И вот тут – вот оно, то самое «про это», ради которого вы дочитали до этого места! Лирический герой пробует заснуть и, несмотря на взбудоражившие его воспоминания («хоть сон нейдёт» – ярко-народная окраска лексики), в конце концов видит сон, где перед ним вживую находится «рыжая и молодая» (помните? приём остраннения!), у которой «в веснушках грудь и тёмные соски, / Ладошка, прикрывающая лоно, / Под нею палевые волоски». Осторожные, возвышенные эвфемизмы пытаются облагородить сцену сближения героев и ввести шальной поток страсти в какое-то русло. И всё равно напряжение из-за красочного асиндетона «эти вскрики, вздохи, всхлипы, стоны» только нарастает (изменения от меньшего к большему или наоборот называются приёмом градации, в данном случае – климаксом) и взрывается повторяющимся восхищённым, страстным причитанием типа «а то!.. а это!..»: «А эти губы, шея... А виски! / А завитушки рыжие над ухом!».
Но вы бы нипочём не догадались, чем окончится страстная постельная сцена. Герой просыпается, и... первая мысль, которая приходит к нему в голову, это «Как жаль: она теперь совсем старуха...»
Ну? И это нормальная реакция страстно влюблённого?
Увы, это нормальная реакция давно отпылавшего. И состарившегося.

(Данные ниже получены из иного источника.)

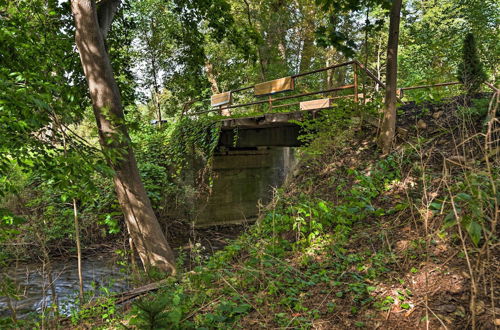 Photo 6 - Pittsford Trolley Home - Near Erie Canal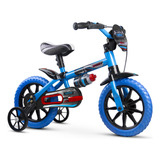 Bicicleta Nathor Aro 12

Но сон всей правды нам не говорит,
Он лишь напоминает о возможном.
И этот сон... Он сладок, но горчит.
Его бы не смотреть. Но женщина молчит.
Молчит, чуть улыбаясь. Осторожно
Он руку ей на голову кладёт.
Она к нему всем телом подаётся.
И он ей говорит: «Всё было, всё прошло».
Она ему: «Всё будет, всё пройдёт,
Всё сбудется, свершится, совпадёт».
Он вторит ей: «Всё будет хорошо».
Но оба знают: счастье не вернётся.

...Но не всё так однозначно, ведь «сон всей правды нам не говорит, / Он лишь напоминает о возможном».
Что же такое сон? Действительно ли это смесь воспоминаний и мечтаний, того, что произошло, с тем, о чём мечталось, но что не случилось? А может, это душа на время выскальзывает из нашей груди и отправляется на встречу с теми, о ком мы мечтали? И эти души, встретившись там, за чертой яви и нави, в промежуточном астральном мире, пробуют прожить неправильно прожитую жизнь заново? Но возможно ли это...
Вот анафора «Но сон... И этот сон...» сменяется резкой апофазией (опровержением своих же слов) «Он сладок, но горчит». Фразы короткие, рубленые, чуть ли не назывные («Его бы не смотреть»), словно выхваченные лучом прожектора из темноты чьи-то движения или быстро сменяющиеся кинокадры томления... страсти... лихорадки мыслей и чувств... надежд...
Их выражают:
– анадиплосис (подхват) «Но женщина молчит. / Молчит, чуть улыбаясь», являющийся уточнением и передающий загадочность, недоговорённость;
– изоколон (параллельное построение) «Он руку... кладёт. / Она... всем телом подаётся. / ...он ей говорит... / Она ему...», передающий последовательность действий;
– кольцо-асиндетон из почти совпадающих реплик любовников («И он ей говорит: "Всё было, всё прошло". / Она ему: "Всё будет, всё пройдёт"»), которые отличаются только будущим временем глаголов в ответе разлучницы своему возлюбленному и передают большую силу и крепость её надежд.
Но большую ли? Ведь, хоть герой и подхватывает: «Всё будет хорошо» (кольцо, обобщающее всё сказанное с помощью расхожей фразы), но «оба знают: счастье не вернётся». Знают даже во сне. Или – даже в астральной встрече. Потому что в той, давней ситуации изначально присутствовала какая-то упущенная нами, но понятная им деталь, «мелочь», которая не позволила бы сбыться счастью ни при каком раскладе.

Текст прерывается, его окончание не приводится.